## Your objective
Lines from the one containing "Zöld bársony étkezőszék" through the last line of the records below are to be repeated exactly.
+ + +
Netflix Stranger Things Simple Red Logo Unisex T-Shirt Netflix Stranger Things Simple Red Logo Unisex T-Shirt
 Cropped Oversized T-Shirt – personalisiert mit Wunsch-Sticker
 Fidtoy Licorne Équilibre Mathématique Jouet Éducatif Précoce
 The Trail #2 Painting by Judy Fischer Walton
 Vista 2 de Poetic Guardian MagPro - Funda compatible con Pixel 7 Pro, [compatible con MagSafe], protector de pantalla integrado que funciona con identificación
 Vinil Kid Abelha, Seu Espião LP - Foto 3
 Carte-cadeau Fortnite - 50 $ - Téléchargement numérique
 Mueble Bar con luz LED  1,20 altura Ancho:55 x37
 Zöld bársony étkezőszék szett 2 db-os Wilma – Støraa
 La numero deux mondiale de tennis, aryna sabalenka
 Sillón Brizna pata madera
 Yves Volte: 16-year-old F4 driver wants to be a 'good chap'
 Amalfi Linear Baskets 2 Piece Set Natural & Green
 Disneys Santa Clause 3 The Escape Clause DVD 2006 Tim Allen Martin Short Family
+ + +
## Exercise output
 Zöld bársony étkezőszék szett 2 db-os Wilma – Støraa
 La numero deux mondiale de tennis, aryna sabalenka
 Sillón Brizna pata madera
 Yves Volte: 16-year-old F4 driver wants to be a 'good chap'
 Amalfi Linear Baskets 2 Piece Set Natural & Green
 Disneys Santa Clause 3 The Escape Clause DVD 2006 Tim Allen Martin Short Family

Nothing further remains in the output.